What help do you need the most in your small business?
When you start a small business, especially when you are a sole trader, you need to be able to perform all the business tasks, unless you have oodles of cash or credit. A little later you will be able to buy in some outside help. The big question is who to turn to first?
Tinker, Tailor, Soldier, Sailor, Rich Man, Pie Man, Beggar Man, Thief
I’m going to try and keep my advice simple; however, I am going to have to dip your toe into the murky world of hierarchies.
The great thing about being a sole-trader, or running a small business, is that you do not need to be involved with complex hierarchies. There is either just you or you at the top of a small pile, which is usually a fairly level structure. As soon as you start reading any business books, magazines, stuff on the internet, etc. you will find hierarchies raising their ugly heads everywhere, it is a veritable sea of serpents. You can blame Maslow for that and consultants’ inability to be original. Maslow was a psychologist who came up with a brilliant hierarchy of needs model based on a pyramid. It has stood the test of time until recently when people have started suggesting that Wi-Fi should be inserted in there as an essential need. It was such a brilliant idea that lots of consultants adapted the idea to their needs. Some got a bit carried away and added bells and whistles.
I’ve developed a simple hierarchy of hired in business help to aid deciding where you should look to get help first; sales, accounts, marketing, social media, health & safety, logistics, the list is almost endless. I think in most areas there is plenty of information and help available online and most people can make a half decent job covering the basics. There is one area where, even if you are good, it is hard to do it yourself and unfortunately most of us are not good. The base of my hierarchy of help would be a proof-reader and if they are a copywriter as well that is even better.
You may think that odd, but the pen is mightier than the sward. I know it should be sword; my spell checker didn’t pick it up. Even though it checks for spelling, grammar, clarity, conciseness, formality, punctuation conventions and vocabulary. Apps like Grammarly will not pick it up either; a human proof-reader would have been on it like an Exocet missile.
Now back to the pen/word thingy. A spelling mistake or poor grammar in a nice glossy brochure or on a sparkly new website will slash your sales more effectively than a swashbuckling competitor. Do not expect the printer or web techie person to notice the mistake, they might, if they are not distracted by the pigs flying past the window, but it’s not their job. If you are a printer and on your website it is obvious you do not know the difference between stationery and stationary you are not going to inspire confidence in prospective customers. If you are selling DVD’s you have probably lost about half your potential customers – those people who care about the use of apostrophes. It’s not difficult, ‘s is possessive except when it isn’t, then it is its.

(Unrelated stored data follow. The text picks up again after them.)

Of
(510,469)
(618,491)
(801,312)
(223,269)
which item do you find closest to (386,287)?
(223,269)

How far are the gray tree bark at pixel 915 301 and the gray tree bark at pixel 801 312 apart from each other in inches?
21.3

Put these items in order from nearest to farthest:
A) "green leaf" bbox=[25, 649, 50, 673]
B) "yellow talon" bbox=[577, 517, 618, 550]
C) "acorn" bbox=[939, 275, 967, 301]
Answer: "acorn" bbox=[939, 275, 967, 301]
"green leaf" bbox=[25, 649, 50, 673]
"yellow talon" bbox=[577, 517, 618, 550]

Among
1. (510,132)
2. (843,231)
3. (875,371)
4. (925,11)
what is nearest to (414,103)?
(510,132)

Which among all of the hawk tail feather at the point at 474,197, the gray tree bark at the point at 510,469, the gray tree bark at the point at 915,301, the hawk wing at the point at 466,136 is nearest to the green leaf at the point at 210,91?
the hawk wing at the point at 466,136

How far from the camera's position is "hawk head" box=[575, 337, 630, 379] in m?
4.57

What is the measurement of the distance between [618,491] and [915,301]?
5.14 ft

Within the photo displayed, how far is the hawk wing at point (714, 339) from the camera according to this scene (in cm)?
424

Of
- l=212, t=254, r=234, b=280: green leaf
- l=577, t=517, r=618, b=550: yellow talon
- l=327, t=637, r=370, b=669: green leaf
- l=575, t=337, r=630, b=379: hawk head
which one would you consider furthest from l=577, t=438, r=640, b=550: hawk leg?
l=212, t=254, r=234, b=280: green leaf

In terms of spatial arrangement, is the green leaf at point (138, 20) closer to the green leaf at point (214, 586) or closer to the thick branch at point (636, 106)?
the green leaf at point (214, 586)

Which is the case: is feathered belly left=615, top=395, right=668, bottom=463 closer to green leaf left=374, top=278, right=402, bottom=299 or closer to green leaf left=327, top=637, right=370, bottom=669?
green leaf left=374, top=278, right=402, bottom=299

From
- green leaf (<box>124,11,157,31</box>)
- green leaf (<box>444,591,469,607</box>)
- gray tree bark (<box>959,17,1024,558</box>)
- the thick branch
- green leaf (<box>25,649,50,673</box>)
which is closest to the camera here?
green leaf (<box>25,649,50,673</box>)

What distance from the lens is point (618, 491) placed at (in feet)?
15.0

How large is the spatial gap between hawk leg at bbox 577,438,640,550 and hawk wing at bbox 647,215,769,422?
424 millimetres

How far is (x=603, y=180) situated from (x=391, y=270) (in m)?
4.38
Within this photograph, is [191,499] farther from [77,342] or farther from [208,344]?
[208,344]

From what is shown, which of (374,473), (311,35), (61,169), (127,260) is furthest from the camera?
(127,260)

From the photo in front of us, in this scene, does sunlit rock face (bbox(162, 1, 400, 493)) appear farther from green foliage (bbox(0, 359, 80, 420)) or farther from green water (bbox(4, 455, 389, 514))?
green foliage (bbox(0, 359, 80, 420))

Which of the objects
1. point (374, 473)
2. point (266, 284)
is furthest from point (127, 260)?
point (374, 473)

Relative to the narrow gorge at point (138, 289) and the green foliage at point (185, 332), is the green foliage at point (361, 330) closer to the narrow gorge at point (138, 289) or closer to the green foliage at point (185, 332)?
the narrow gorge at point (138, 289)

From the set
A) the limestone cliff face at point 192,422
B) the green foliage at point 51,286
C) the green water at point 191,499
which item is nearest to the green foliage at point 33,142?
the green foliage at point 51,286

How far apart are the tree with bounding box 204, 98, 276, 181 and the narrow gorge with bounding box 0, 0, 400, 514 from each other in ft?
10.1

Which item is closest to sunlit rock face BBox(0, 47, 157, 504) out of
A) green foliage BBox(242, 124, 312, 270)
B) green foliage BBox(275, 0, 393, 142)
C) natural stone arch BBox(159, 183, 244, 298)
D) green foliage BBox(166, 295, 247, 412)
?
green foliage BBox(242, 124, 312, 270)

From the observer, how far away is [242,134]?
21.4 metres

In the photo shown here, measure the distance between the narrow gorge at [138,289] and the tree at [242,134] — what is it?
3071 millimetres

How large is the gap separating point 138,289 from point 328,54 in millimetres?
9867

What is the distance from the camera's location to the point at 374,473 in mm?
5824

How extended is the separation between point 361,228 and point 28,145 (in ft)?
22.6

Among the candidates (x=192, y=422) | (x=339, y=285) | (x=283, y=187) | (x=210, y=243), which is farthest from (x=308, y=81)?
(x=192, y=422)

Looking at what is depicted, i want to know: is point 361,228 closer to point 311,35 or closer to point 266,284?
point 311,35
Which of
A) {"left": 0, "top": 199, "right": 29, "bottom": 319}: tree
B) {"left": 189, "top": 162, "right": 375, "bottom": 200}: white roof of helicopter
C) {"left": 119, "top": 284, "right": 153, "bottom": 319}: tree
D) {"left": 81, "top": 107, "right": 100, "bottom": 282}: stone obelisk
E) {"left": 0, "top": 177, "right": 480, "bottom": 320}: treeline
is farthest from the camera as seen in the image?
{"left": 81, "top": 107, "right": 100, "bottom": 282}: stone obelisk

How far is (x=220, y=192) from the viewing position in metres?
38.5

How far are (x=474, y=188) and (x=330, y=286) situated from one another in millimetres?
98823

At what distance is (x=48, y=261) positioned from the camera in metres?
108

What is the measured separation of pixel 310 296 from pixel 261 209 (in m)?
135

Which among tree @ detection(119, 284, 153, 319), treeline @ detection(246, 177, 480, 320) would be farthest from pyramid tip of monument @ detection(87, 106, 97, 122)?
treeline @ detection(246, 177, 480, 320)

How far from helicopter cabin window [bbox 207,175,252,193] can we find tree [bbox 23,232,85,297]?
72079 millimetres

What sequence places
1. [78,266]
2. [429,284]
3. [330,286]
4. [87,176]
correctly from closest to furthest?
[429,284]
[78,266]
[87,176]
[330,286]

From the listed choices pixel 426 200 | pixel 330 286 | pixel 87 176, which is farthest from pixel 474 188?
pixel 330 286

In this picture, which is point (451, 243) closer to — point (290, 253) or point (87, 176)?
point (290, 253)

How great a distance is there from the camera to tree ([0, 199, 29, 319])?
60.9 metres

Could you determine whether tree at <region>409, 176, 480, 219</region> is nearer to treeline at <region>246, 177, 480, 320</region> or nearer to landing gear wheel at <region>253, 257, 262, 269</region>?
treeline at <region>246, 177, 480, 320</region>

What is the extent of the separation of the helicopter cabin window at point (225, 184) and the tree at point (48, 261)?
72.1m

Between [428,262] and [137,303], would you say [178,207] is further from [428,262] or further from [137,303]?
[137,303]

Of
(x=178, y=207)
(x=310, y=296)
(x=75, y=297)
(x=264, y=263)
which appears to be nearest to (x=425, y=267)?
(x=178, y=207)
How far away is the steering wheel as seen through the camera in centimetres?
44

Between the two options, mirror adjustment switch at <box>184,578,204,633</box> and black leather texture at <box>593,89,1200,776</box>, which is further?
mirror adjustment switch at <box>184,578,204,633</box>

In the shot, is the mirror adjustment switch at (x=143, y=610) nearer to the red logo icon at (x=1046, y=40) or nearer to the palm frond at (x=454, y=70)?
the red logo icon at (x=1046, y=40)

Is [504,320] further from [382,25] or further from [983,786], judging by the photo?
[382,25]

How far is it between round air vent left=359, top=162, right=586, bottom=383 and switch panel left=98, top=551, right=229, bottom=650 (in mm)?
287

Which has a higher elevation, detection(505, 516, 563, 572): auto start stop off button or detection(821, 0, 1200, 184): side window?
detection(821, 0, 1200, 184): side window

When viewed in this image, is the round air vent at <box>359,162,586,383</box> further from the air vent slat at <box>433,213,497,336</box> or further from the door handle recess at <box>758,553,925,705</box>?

So, no apologies for suggesting a proof-reader is the first professional you engage. I do apologise for any typos or grammar faux pas here; it is a blog post, not a glossy brochure, sparky website or a pdf you are going to email to all your business contacts.
My next level would be bookkeeper/accountant. Interesting fact about bookkeeper, it’s the only word in the English language that has three consecutive double letters. Accountants are pretty cool as well; they can help you set up a great accounting and data recording systems which will enable you to keep your finger on the business pulse. (If you are an accountant still hire one, you will leave it all to the last minute or, even worse, until it is too late.) What gets measured gets are attention.
What goes in the next levels will depend upon your individual circumstances, skills and proclivities. There is a useful grid thingy that can help you to decide. You can thank two psychiatrists for the format, Joseph Luft and Harrington Ingham, who came up with the Johari window (it’s a combination of parts of their names). It is a technique that helps people better understand their relationship with themselves and others. More importantly it introduced the square to management consultants who took it to heart and developed it further. For SWAT and PEST analysis no name was needed, however when the Boston Consulting Group wanted to analyse product portfolios the window became a matrix.
I will stick with grid thingy for mine when it comes to task analysis. Assessing what outside help to get next you, obviously, want to concentrate on the bottom right of the grid. Which square you tackle after that depends on whether your focus is on fun or business success. Business success = dealing with bottom left before top right.
Eventually, if you are very successful, you will start nibbling away at the top left until all that is left is playing golf. That would put me firmly in the bottom right.